Apple’s confirmed-but-not-confirmed acquisition this past week of Israeli camera maker LinX has iPhone 7 watchers wishing, begging and hoping that the next great smartphone will incorporate advanced photo-taking technologies.
Neither Apple nor LinX is confirming the buyout, estimated at $20 million by the Wall Street Journal, although Apple did give its standard response that it does sometimes acquire small companies and is not compelled to let the public know.
Assuming this deal is real, Apple watchers have begun slobbering all over themselves in anticipation of improved camera features for the next iPhone. After all, the iPhone is one of the world’s most popular cameras already, and is Number 1 on photo-sharing site Flickr.
LinX boasts of its cameras that provide DSLR-like quality in small form factors for smartphones, tablets and ultrabooks.

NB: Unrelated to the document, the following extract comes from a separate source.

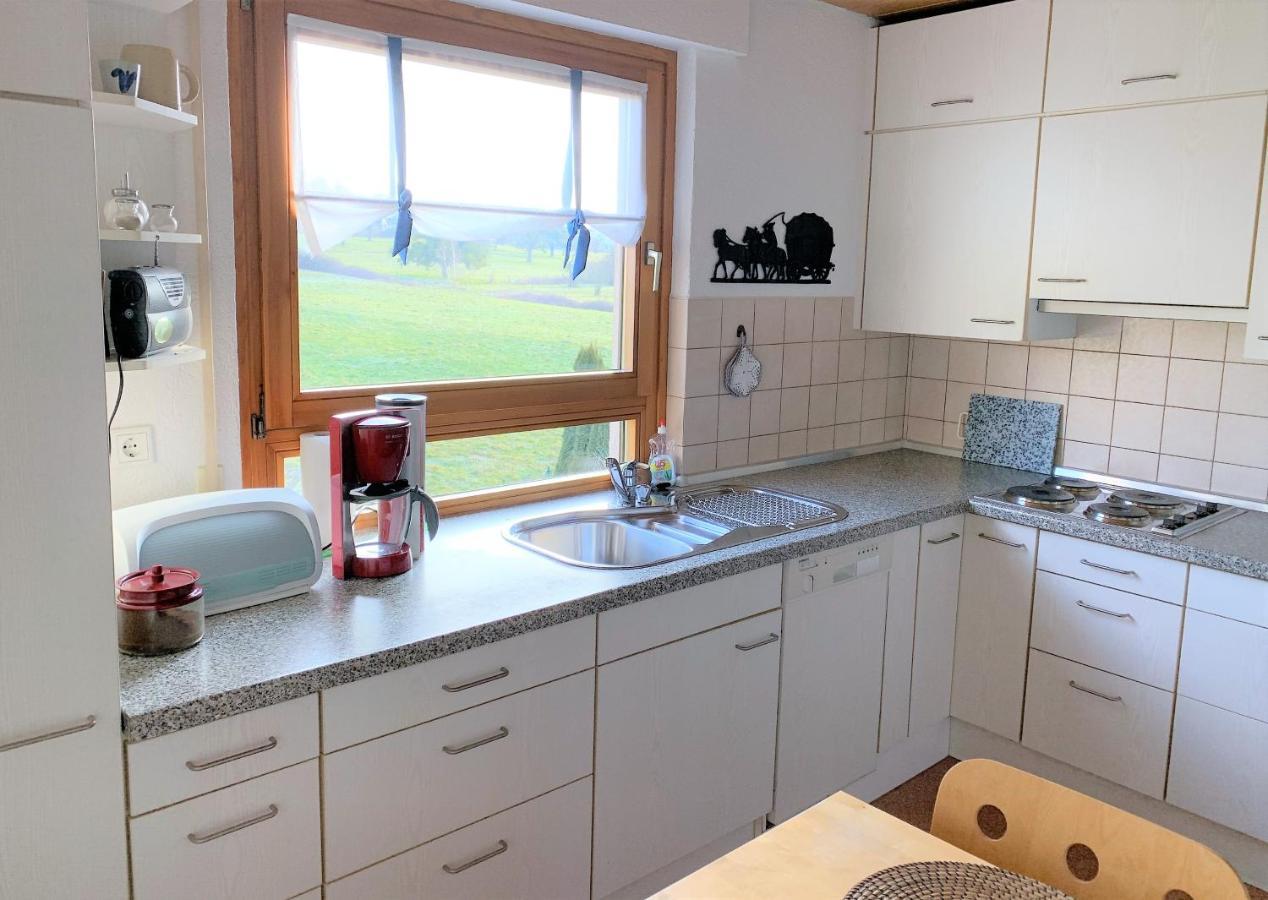 Bodensee Apartment Friedrichshafen Manzell Eksteriør bilde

From there, the rumors and speculation heat up. MacRumors nicely boils down the possibilities that LinX presents, including technology that will enable Apple to ditch the protruding cameras seen in its latest models, the iPhone 6 and 6 Plus.

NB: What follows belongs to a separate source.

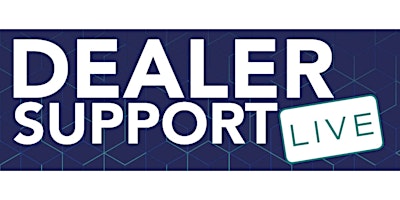 Primaire afbeelding van Dealer Support Live 2024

“LinX specializes in multi-aperture cameras for mobile devices, which offer several benefits over single aperture cameras, including the ability to pack impressive image quality in a smaller size.”
SLR image quality, including better pictures indoors and in low lighting situations, depth mapping for 3D models, are also possibilities, MacRumors states.
The LinX technology might also help you muck around with your picture focus, after the fact. According to LinX, “We allow Apps to freely use the 3D information captured by our camera to achieve amazing new features such as the ability to refocus an image after it has been captured, measurement of the true dimensions of objects, 3D object modeling and real time background replacement for video calls.
4K for iPhone 7?
Speaking of image quality, rumors popped up this past week that iPhone 7 could glimmer with a 4K “ultra high definition” display thanks to new technology from longtime Apple partner Sharp. Sharp earlier this month showed off a 5.5-inch LCD display with 3860 x 2160 pixel resolution and 806 pixel density per inch in China.
Apple’s current 5.5-inch display on the 6 Plus has1920 x 1080 pixel resolution and a density of 401 ppi.
Boy Genius Report calls the Sharp technology “ridiculous” (in a good way) and seems to think such displays would most likely be for smartphones coming in 2016, not this year.
“Apple has never tried to match competing devices when it comes to specs, and for the time being the company appears to be interested in delivering a Retina experience across devices. But at the same time, Apple does have a 5K iMac in its lineup, as well as support for 4K external displays in certain Macs, and the company is rumored to be working on a top-of-the-line 8K iMac. Thus, it wouldn’t be surprising to see iPhone 7 models of the future with 4K screens.”
Apple revealed this past week that its annual Worldwide Developers Conference will be held June 8-12 in San Francisco, and pledged that the event would be “The epicenter of change” – a tagline that those hit with earthquakes in that area in the past might not embrace.
Apple is expected to shake up its iOS software, with version 9, and OS X Mac software, as well as revamp the Apple TV. The iOS 9 focus could be more on stability than features. But little is expected in the way of iPhone 7 (or iPhone 6S or 6S Plus smartphones).
Valuewalk laments that “Times have changed from years ago, when Apple used to announce the iPhone in summer. The corporation has since altered its schedule significantly, and now the focus of the WWDC is elsewhere.” Apple has taken to rolling out new iPhones (including the iPhone 6 and 6S) in September rather than June, as it used to do.
As we mentioned in our previous iPhone 7 rumor rollup, the debate about whether Apple will actually introduce an iPhone 6S, 6S Plus or 7 has heated up, with many leaning toward the iPhone 7.